Escrito por Otaviano Helene 
 
 

As principais fontes de financiamento da educação pública no Brasil são as arrecadações de impostos federais, estaduais e municipais e o salário-educação. No caso dos impostos, há percentuais mínimos a serem destinados à educação, estabelecidos nas constituições nacional e estaduais e em leis municipais. Esses percentuais são 18% para a União e entre 25% e 35% para os Estados e municípios. O salário educação, por sua vez, corresponde a 2,5% das folhas de pagamentos. (O salário-educação não atinge a totalidade dos assalariados, pois há vários setores isentos dessa contribuição.) Portanto, uma primeira forma de se estimarem os recursos que vão para a educação pública é simplesmente calcular aqueles percentuais.

 

Por exemplo, para o ano de 2009, para o qual há dados já suficientemente consolidados dos orçamentos públicos das três esferas de governo, obtivemos o valor de 163 bilhões de reais para os gastos públicos com educação, o que correspondeu a 5% do PIB daquele ano (de 3,2 trilhões de reais).

 

É necessário observar que esse valor de 5% do PIB em 2009 é significativamente superior ao que o setor dispunha há cerca de uma década antes, quando não atingia sequer 4% do PIB. Entre as razões para o aumento da participação da educação no PIB brasileiro está o aumento da arrecadação pública, que passou de um valor próximo dos 30% do PIB por volta do ano 2000 para cerca de 35% em anos mais recentes, aumento esse possivelmente provocado pelo aumento real da renda per capita no país e o aumento da formalização da economia.

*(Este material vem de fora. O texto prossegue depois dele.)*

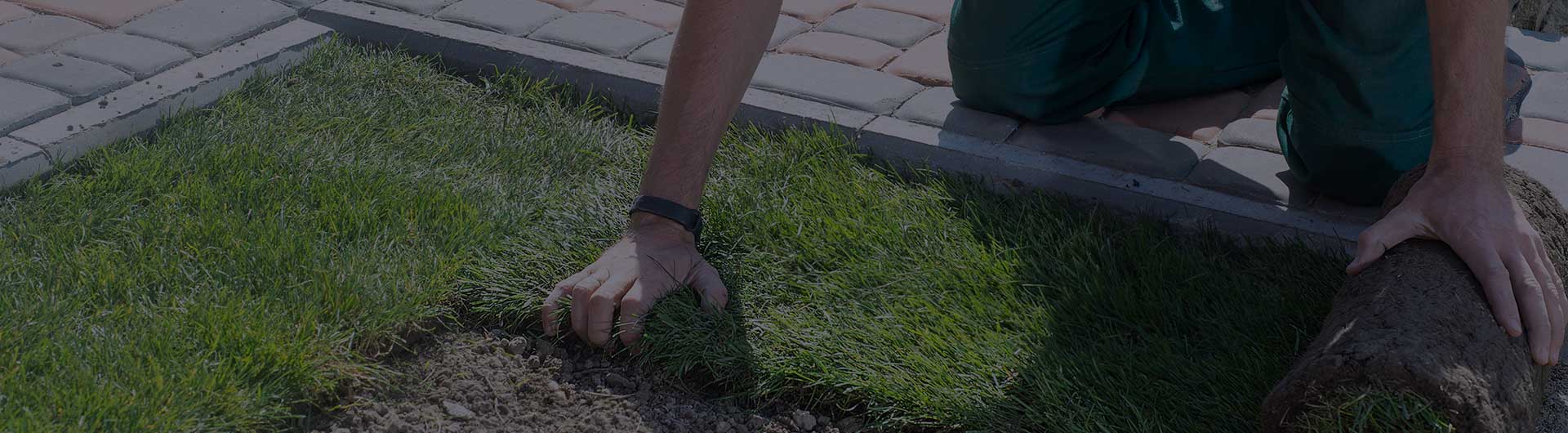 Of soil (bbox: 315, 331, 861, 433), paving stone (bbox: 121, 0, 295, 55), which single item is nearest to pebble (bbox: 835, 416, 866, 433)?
soil (bbox: 315, 331, 861, 433)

Ainda outro fator a melhorar a arrecadação pública pode ter sido um esforço, inclusive de governos estaduais e municipais, no sentido de reduzir a sonegação e a evasão fiscal.

 

A partir de 2009, com a redução do efeito da Desvinculação de Recursos da União (a conhecida DRU) sobre os investimentos federais na educação, adotada gradualmente a partir daquela data e em sua totalidade a partir de 2011, os recursos disponíveis ao setor cresceram cerca de 0,3% do PIB. Portanto, a educação pública poderia dispor, hoje, de um valor da ordem de 5,3% do PIB.

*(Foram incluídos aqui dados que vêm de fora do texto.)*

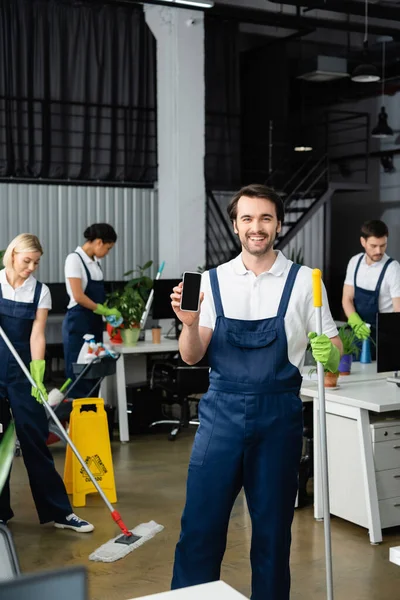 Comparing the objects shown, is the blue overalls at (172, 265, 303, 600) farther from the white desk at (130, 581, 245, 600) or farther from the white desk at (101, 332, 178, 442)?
the white desk at (101, 332, 178, 442)

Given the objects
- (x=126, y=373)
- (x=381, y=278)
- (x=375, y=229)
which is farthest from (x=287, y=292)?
(x=126, y=373)

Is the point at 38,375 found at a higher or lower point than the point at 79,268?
lower

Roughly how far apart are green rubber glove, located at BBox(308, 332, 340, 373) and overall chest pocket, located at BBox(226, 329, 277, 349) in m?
0.18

Ilegalidade, truques e maquiagens

 

Entretanto, muitos fatores contribuem para fazer com que os investimentos educacionais efetivos (aqueles que são transformados em salários de professores e demais trabalhadores da área, instalações e equipamentos escolares, atendimento dos alunos etc.) fiquem abaixo daqueles 5,3% do PIB. Um deles é que muitos municípios e estados simplesmente não investem na educação os percentuais mínimos exigidos. Outro fator, ainda, é a possibilidade de driblar a lei. Um exemplo disso é não considerar o imposto de renda descontado das folhas de pagamento de servidores (o qual fica integralmente com o ente da federação que paga o salário) no cálculo do imposto recebido.

 

A inexistência de uma regulamentação que defina de forma completa, sem ambiguidade e omissões, o que pode e o que não pode ser considerado gasto com educação é mais um fator a reduzir os recursos para o setor. Por exemplo, podem estar incluídas como despesas públicas com educação coisas que nada têm a ver com ela: transferências para instituições privadas, despesas correspondentes ao desenvolvimento científico e tecnológico (por sinal computadas também entre os investimentos em ciência e tecnologia, configurando dupla contabilidade) e diversas despesas de atendimento à população que aparecem incluídas nos orçamentos de secretarias e órgãos de educação. Um exemplo concreto da possibilidade dessa prática é fornecido pela lei que alterou, em 2007, o sistema previdenciário dos servidores públicos do estado de São Paulo, a qual prevê que os “valores dos benefícios pagos pela SPPREV (órgão responsável pelo sistema previdenciário paulista) serão (…) computados para efeito de cumprimento de vinculações legais e constitucionais de gastos em áreas específicas”, prática também adotada em outros estados. Ou seja, o pagamento de um aposentado da área de educação deve ser considerado como gasto em educação (mas, claro, essa despesa também é incluída entre os gastos previdenciários, novamente outro tipo de dupla contabilidade).

 

Além desses procedimentos, há muitos outros, fazendo com que os recursos realmente destinados à educação pública devam ser inferiores àqueles 5,3% do PIB que, embora definido por leis e constituições como sendo um valor mínimo, é, na prática, um valor máximo.

 

Outra forma de estimar os investimentos públicos em educação é considerar o Fundeb, cujo valor total previsto para 2013 é de 117 bilhões de reais. Considerando o fato de que há outros recursos para a educação básica além do previsto naquele fundo e a existência do ensino superior, este correspondendo a cerca de 1/6 das despesas educacionais, podemos estimar os investimentos públicos em educação no Brasil, a valores de 2013, em 200 bilhões de reais, valor equivalente a 4,2% do PIB no mesmo ano (estimado em 4,8 trilhões de reais).

 

Portanto, os recursos públicos para a educação no Brasil correspondem, hoje, a um valor entre 4,2% e 5,3% do PIB, sendo possivelmente mais próximo do menor deles.

 

Leia também:

Os recursos do Pré-Sal para a educação

Argumentos contra o financiamento do novo Plano Nacional de Educação são falsos e enviesados

Luta deve ser por um sistema público de educação referenciado na sociedade e suas necessidades

 

Otaviano Helene, professor no Instituto de Física da USP, foi presidente do Instituto Nacional de Estudos e Pesquisas Educacionais Anísio Teixeira (Inep).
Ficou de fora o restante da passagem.